Komische Oper Berlin

 © Yan Revazov
bis 4. Jul 2018
Komische Oper Berlin
Behrenstr. 55-57
10117 Berlin

Choreographien von Gentian Doda, Marco Goecke und Nacho Duato

 

„Was bleibt“

Tanzstück von Gentian Doda

Musik von Joaquín Segade

 

„Pierrot lunaire“

Choreographie von Marco Goecke

Musik von Arnold Schönberg

 

„Por vos muero“

Ballett von Nacho Duato

Musik des spanischen 15. und 16. Jahrhunderts

Texte von Garcilaso de la Vega

 

 

Das Ballett der Gegenwart ist reich an großen Namen und mutigen Schöpfern: Die Choreographen, die sich den einzigartigen Möglichkeiten klassisch geschulter Tänzer widmen und diese für die zeitgenössische Sichtweisen auf der Bühne entfalten, bilden einen illustren wie spezialisierten Kreis.

 

Unter ihnen ist Marco Goecke, als Spross des Stuttgarter Ballettschaffens ein weltweit gefragter Name mit unverwechselbarem Stil, der mit den Tänzerinnen und Tänzern des Staatsballetts Berlin sein Werk „Pierrot Lunaire“ erarbeitet, das auf der Komposition von Arnold Schönberg beruht.

 

Gentian Dodas Arbeit ist gepägt von der uralten albanischen Kultur, die sich traditionell eher von Asymmetrie und Komplexität angezogen fühlt als von dem Ideal der Perfektion und Reinheit.
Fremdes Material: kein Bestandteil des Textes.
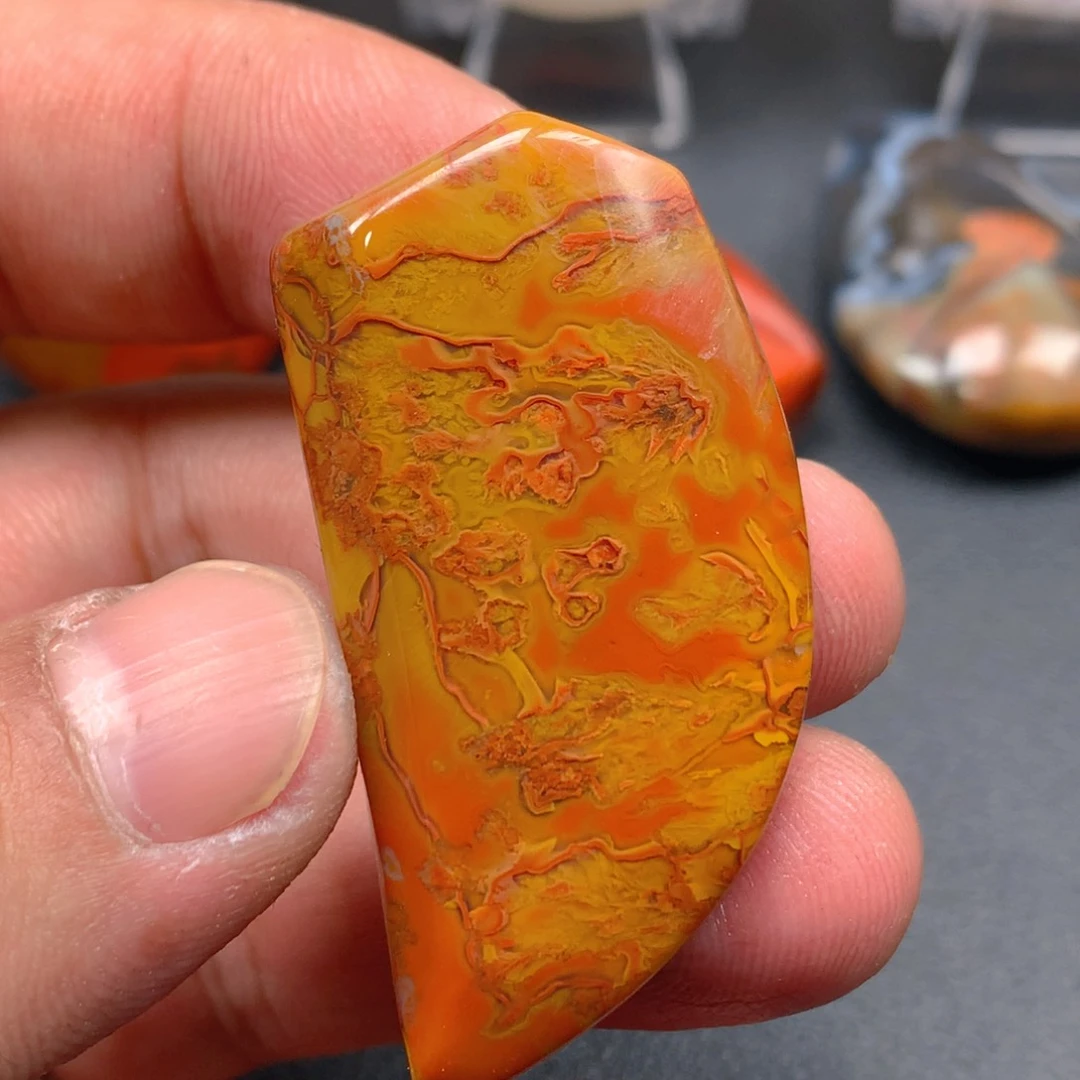 玛瑙/玉髓颈饰未镶嵌西**农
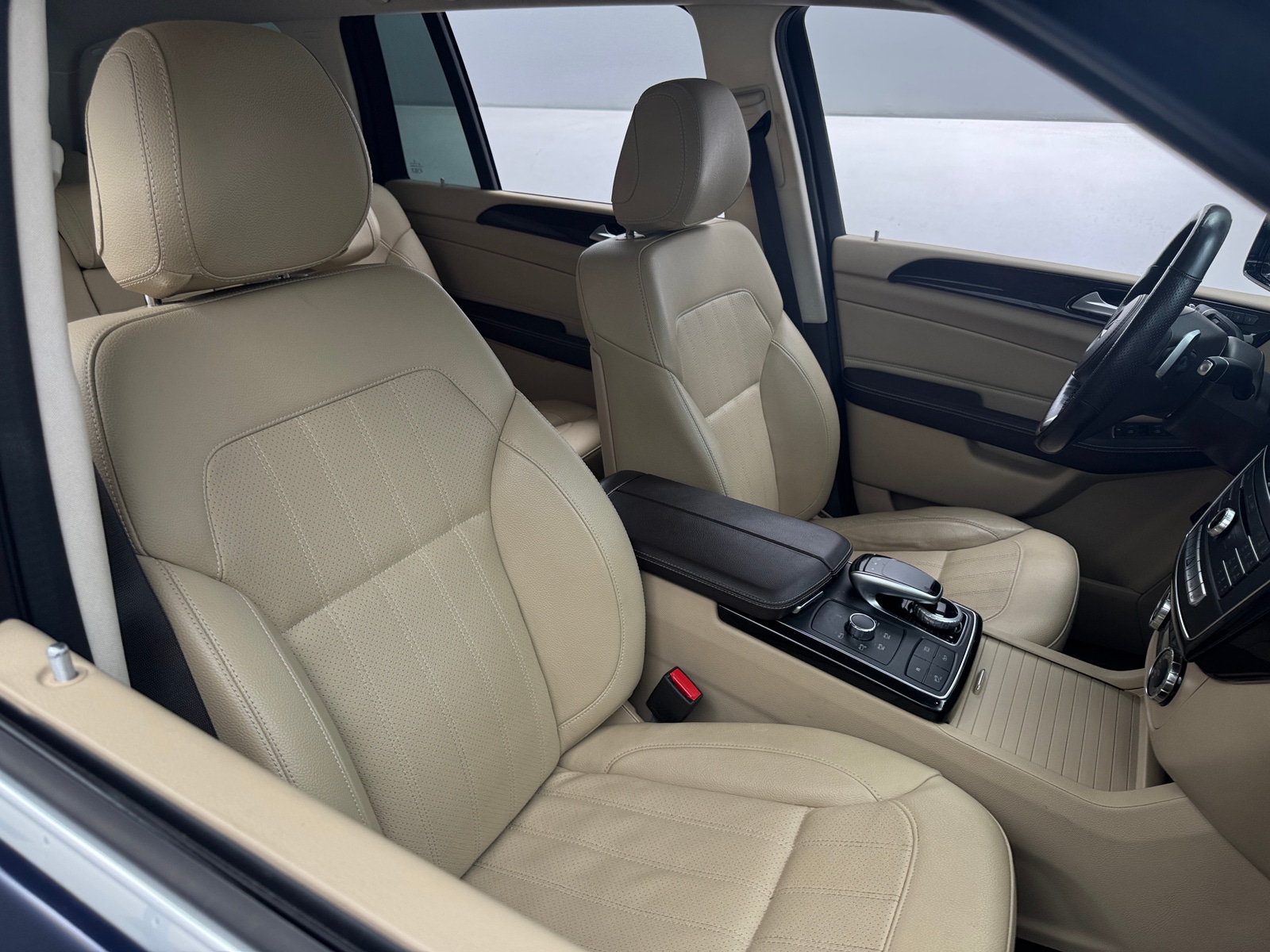 Thumbnail: 2017 Mercedes-Benz GLS - 2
Im Zentrum seiner Werke stehen Menschen, die – auf sich allein gestellt – der Überlegenheit von Kräften und Schicksalen ausgesetzt sind.

 

Mit seinem Meisterwerk „Por vos muero“ vervollständigt Nacho Duato diesen dreiteiligen Abend, um mit einer Berliner Erstaufführung eine weitere Facette seines künstlerischen Schaffens zu eröffnen. Er erarbeitet diese Choreographie für die Bühne der Komischen Oper Berlin vollkommen neu und adaptiert die Bewegungssprache individuell für seine Berliner Compagnie.